The model is based on the classic stochastic block model (Holland et al. 1983; Faust and Wasserman 1992; Anderson et al. 1992), which considers N nodes, divided into B blocks, with \(e_{ij}\) edges between blocks i and j, respectively. Then, the edge counts, \(e_{ij}\), are the parameters for the model. So, we are using the connection between nodes to generate the blocks. Because the nested version is used (Peixoto 2014), we have a multigraph for each block, where the nodes are the blocks and the edge count the edges of the new multigraph. This new multigraph is created with the same model as the previous one, hence, we have a recursive block model that will end up with a one block multigraph.

Then, for the first level of the model, \(l=0\), which is the one working with the graph itself, where \(E=\frac{1}{2}\sum _{ij} e_{ij}\) is the total number of edges, \(N_k\) is the total number of nodes with k degree; finally, we have that the value of the entropy for such an ensemble,

$$\mathcal{S}_c \simeq -E - \sum _k N_{k}\ln {k!} - \frac{1}{2}\sum _{ij} e_{ij}\ln {\left( \frac{e_{ij}}{e_{i}e_{j}}\right) },$$

where \(e_{i}=\sum _j e_{ij}\) stands for the number of edges that go to from block j to blocks i. This inference model creates B blocks, that are going be the nodes in the next level \(l+1\), which are connected between themselves through the edge counts \(e_{ij}\). After we calculate the entropy for the given model, we have to choose from the different possible configurations, the one that optimizes the entropy \(\mathcal{S}_c\), which will be the final block structure of our hierarchy.
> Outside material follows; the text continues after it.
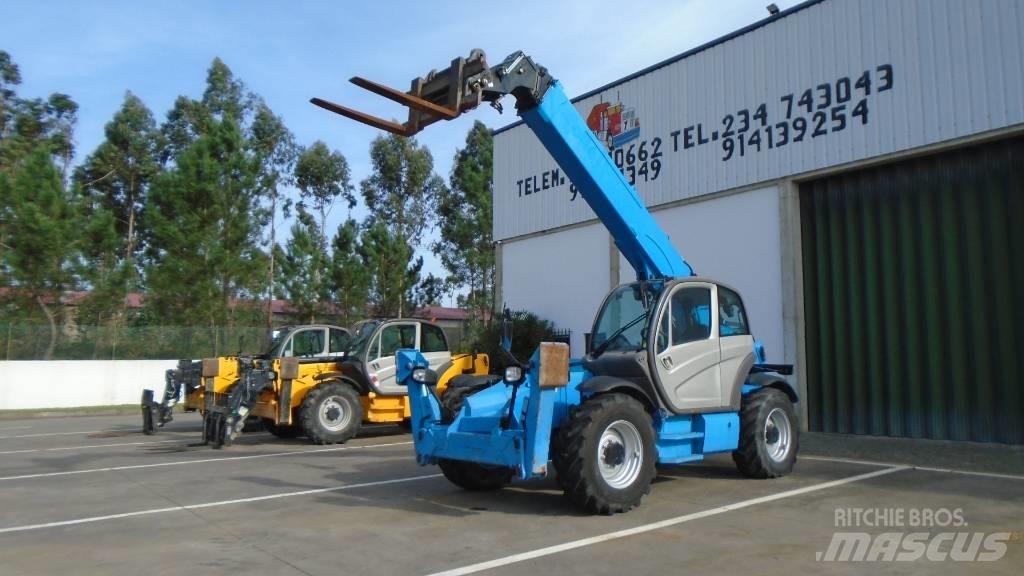 Manitou MT 1440 Sollevatori telescopici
Natural language processing The titles and abstracts were analyzed in order to obtain information concerning the word entropy. The Natural Language Toolkit (Steven Bird and Loper 2009) was used to extract the noun phrases from each title and abstract. The noun phrases are sets of words that are related to a specific topic, or main idea, which matches the purpose of identifying the entropy concept inside the text. Then, we put together all abstract and title information for each category. The most counted words from the noun phases were used in order to extract a list of words that appeared the most in each category. The top ten of those words were finally selected, as appears on Fig. 3.